25 Temmuz 2012 Çarşamba

Yabancılar karışmasa, her şey ne güzel (!) olacak…


Pazar günü bizim medyada bir haber çıktı. Habere göre Romanya’da bir gazete Fenerbahçe-Vaslui eşleşmesini konu ettiği bir yazının başlığında şike hadisesine gönderme yapmış. Asıl dikkatimizi çeken bizim medyanın böyle haberler karşısında değişmeyen tepkisi oldu. Bu göndermeyi çirkinleşme olarak yorumlamıştı bizimkiler.

Aklıma hemen Fatma Whitbread adlı eski cirit atıcı geldi. 1983’te İngiltere adına yarışırken ilgimizi çekmiş ve hayat hikayesini hemen öğrenivermiştik. Aslen Kıbrıs Türkü olan Whitbread, bebekken ailesi tarafından terk edilmiş ve 14 yaşında öğretmeni Margareth Whitbread tarafından evlat edinilmiş. Aynı zamanda bir cirit öğretmeni olan analığı kendisini cirite yönlendirmiş. Günler ilerledikçe Fatma’nın küçük yaşta yine bir Türk tarafından tecavüze uğramış olduğu da ortaya çıktı. Şampiyonanın sonlarına doğru Fatma Whitbread “Kendimi Türk saymıyorum!” diye bir ifade kullanınca büyük gazetemiz cevabı yapıştırdı: “Biz de onu!

Kızcağızın başına gelenler pişmiş tavuğun başına gelmemiş ama bizim için onların zerre kadar önemi yoktu.

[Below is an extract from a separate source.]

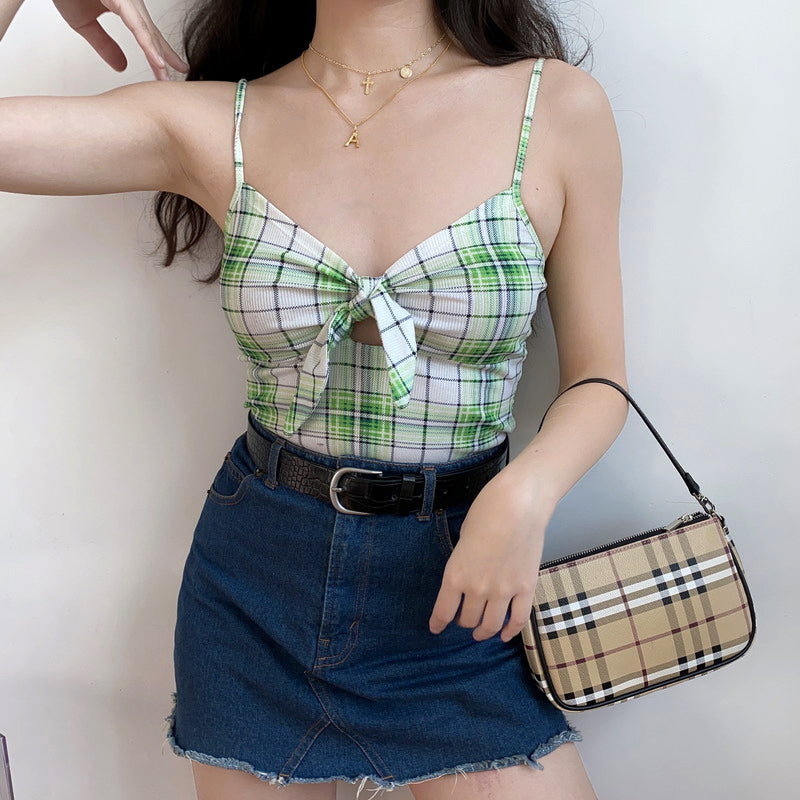 
            
                Load image into Gallery viewer, Lime Plaid Bow tie Cami [Handmade] - Pellucid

Her hal ve şartta ulusuna (?) aidiyet göstermesi gerekiyordu çünkü.

90’lı yılların ortalarına doğru adını şimdi hatırlamadığım ciddi ve itibarlı bir Alman dergisi, kapak resminde Türk bayrağı ile enjektörü birlikte gösterilmiş, bu da bizim milli onurumuza çok ama çok dokunmuştu. Enjektörün ne anlama geldiğini, 90’lı yıllarda bu ülkede uyuşturucu trafiğinin hangi düzeyde olduğunu hatırlatmama gerek yok sanırım. Herkesin bildiği bu gerçek bizi rahatsız etmiyordu da yabancı basın haberi yapınca feryadı basıyorduk.

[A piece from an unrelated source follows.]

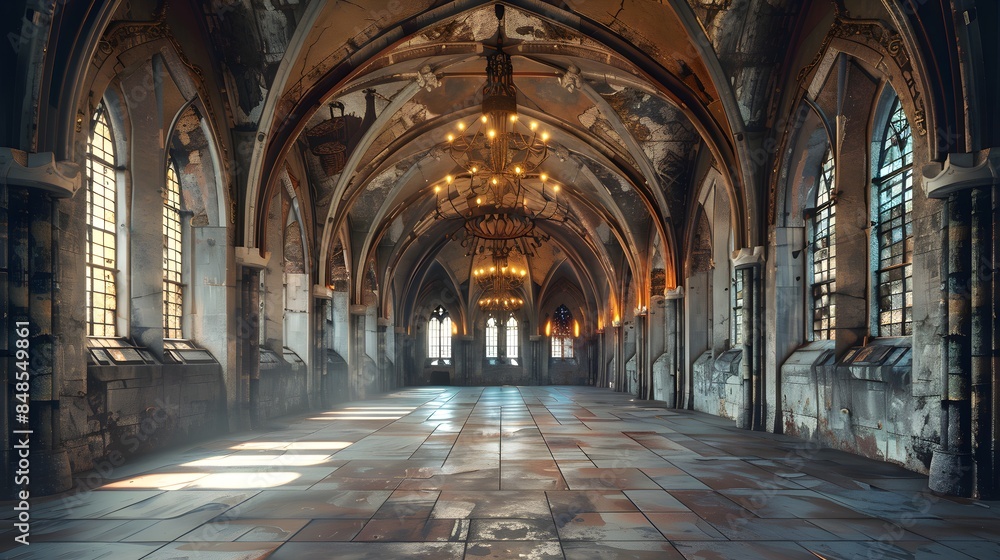 Mediaeval Building Interior. European Travel Concept Background Mediaeval Building Interior. European Travel Concept Background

Bunlar gibi daha pek çok örnek verilebilir. Ben çok merak ediyorum, bu hastalıklı psikoloji nasıl ve ne zaman düzelecek… Biz kabile miyiz ki içimizdeki problemlerin boyut ve ciddiyeti ne kadar büyük olursa olsun, “dışarıdakiler”in bundan haberdar olması kadar önemli değildir.

3 Temmuz’dan sonraki süreçte birçok defalar yazıp çizdiğimiz bir gerçek var(dı): Süreç Türkiye’de hangi karara bağlanırsa bağlansın, dünya konjonktürüne aykırı bir mecrada ilerleyemezdik. Eski tabirle eller mersine, biz tersine gidemezdik yani. Biz aşamadığımız problemleri yok farzederek kendimize sahte bir gerçeklik üretiyor, o gerçeğin içinde yaşamaya başlıyor, günün birinde realite duvarına toslayınca da o duvarı oraya dikene (!) kızıyorduk. Tıpkı son olayda olduğu gibi. Göreceksiniz, Rumen basınının tavrı sadece başlangıçtır, şike ve şikeci göndermeleri devam edecektir.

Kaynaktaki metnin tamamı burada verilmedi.